A reader contacted me asking about his index in Word. It seems some entries were showing as bold, italics, etc. and some, which were the same words but in different case, were showing as separate entries. He wanted all index entries that were the same to be in plain text and listed under the one entry.

Now, it’s an awfully long time since I created an index in Word, but I did remember that you have to create index entries (XE fields in Word) before you can create the index itself (Index field).

I did some testing and found out a few things:

  • Entries in different cases are listed separately. Solution: Make them the same case (see below).
  • If the first entry for a term has manually applied character formatting (bold/italics etc.), then the formatting in the index takes the manual character formatting of that first entry. If the manual formatting is applied to second or subsequent entries, then it still remains plain text in the index—it’s the formatting of the FIRST entry for that term that’s critical.
  • The index only reflects manually applied character formatting, not an applied paragraph or character style (I tested with a Heading paragraph style and the Emphasis character style and each time the entry in the index remained in normal text).

Solution

The solution requires you to see what’s going on, so the first step is to turn on field shading—this will show the hidden text that is the XE fields.
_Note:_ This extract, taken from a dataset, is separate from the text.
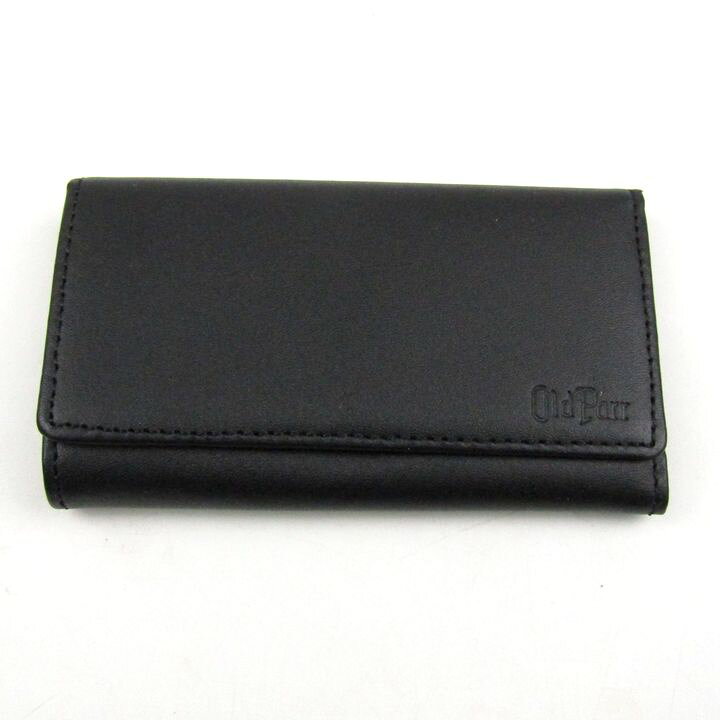 オールドパー ハマノ コラボ キーケース 本革 レザー ブランド 黒 メンズ ブラック Old Parr 【中古】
Once you can see what’s going on, you can work on fixing it. Just don’t break those XE fields—they are surrounded by curly brackets, the index entry is surrounded by double quote marks, and a colon separates the main entry from the sub entry. These MUST remain intact.

(click an image to see it full size)

  1. Make sure your field codes are showing (File > Options > Advanced > Field Shading = Always).
    File > Options > Advanced > Field Shading = Always
  2. Once your fields are visible, you’ll see your index entries as field codes (e.g. {XE “Main entry:Sub entry”}). NOTE: When you make changes DO NOT delete the curly brackets, the colon, or the quote marks. In the example below, you can see the index entries and the resulting mess of an index.
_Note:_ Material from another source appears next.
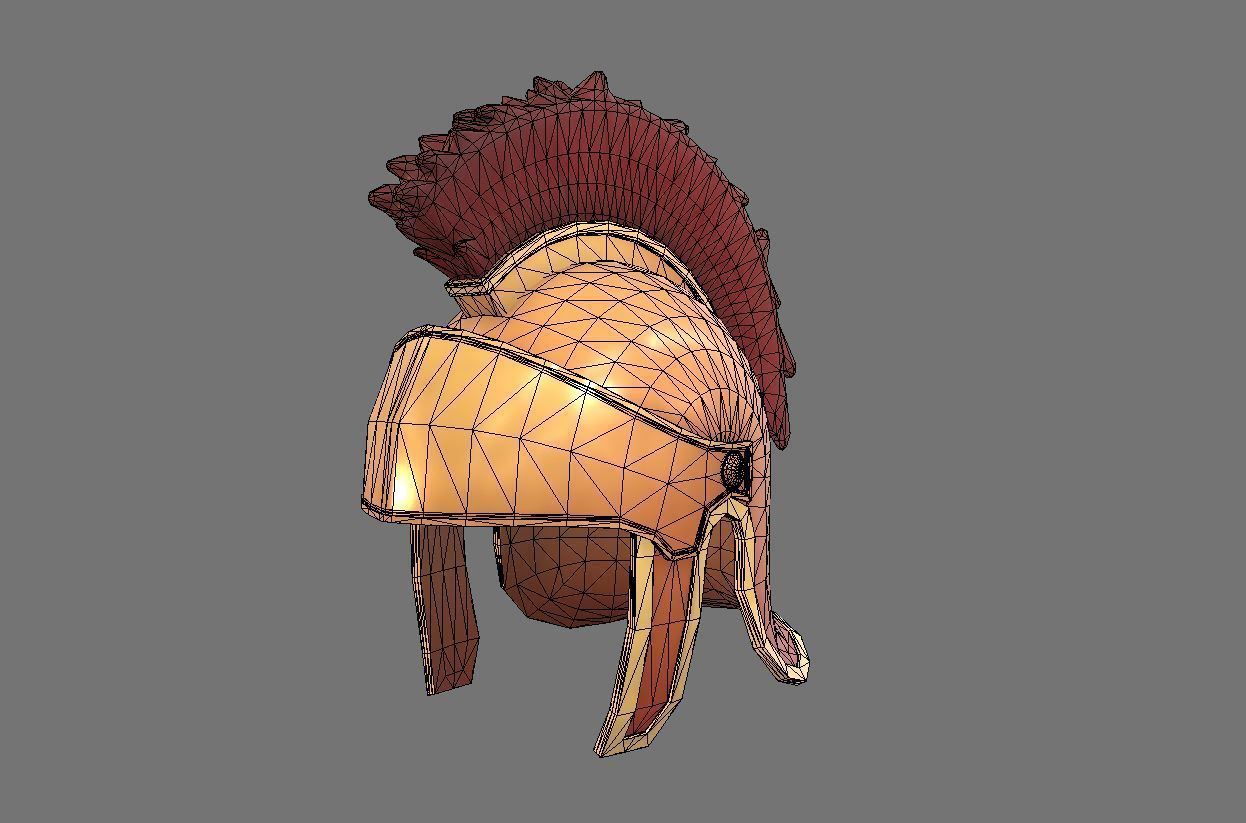 Roman Helmet  3D model_17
    manually applied formatting and different cases are reflected in the index
  3. Go to the first index entry and check its formatting and case. If bold, italics etc. have been manually applied to it, continue to the next step.
  4. Select a field code only (the XE part) and press Ctrl+space to remove any manual character formatting and take the text back to the base paragraph style.
  5. If the case is wrong for the main or sub entry elements, manually change it. Don’t add any spaces between the colon and the sub entry.
  6. Go to the next entry and check its formatting and case (as for step 3).
  7. Repeat steps 4 and/or 5. Do this for several more.
  8. Test that it’s working. Go to the index, right click anywhere in it, then select Update Field. Check the entries that you changed in the earlier steps—they should have gone back to normal text and the case should be correct, therefore putting the same entries together. In the screen shots below, the first test showed that the formatting had been sorted out, but the case issues still remained. I went back and fixed the case in the individual entries and then updated the index again—the second screenshot shows the final result.
    manual formatting issues are now fixed, but the case issues aren't resolved
    All entries are correctly under the one main entry
  9. Repeat for the rest of the index entries that have formatting and case issues. Don’t forgot to update the index when you’re finished and check for any that you missed.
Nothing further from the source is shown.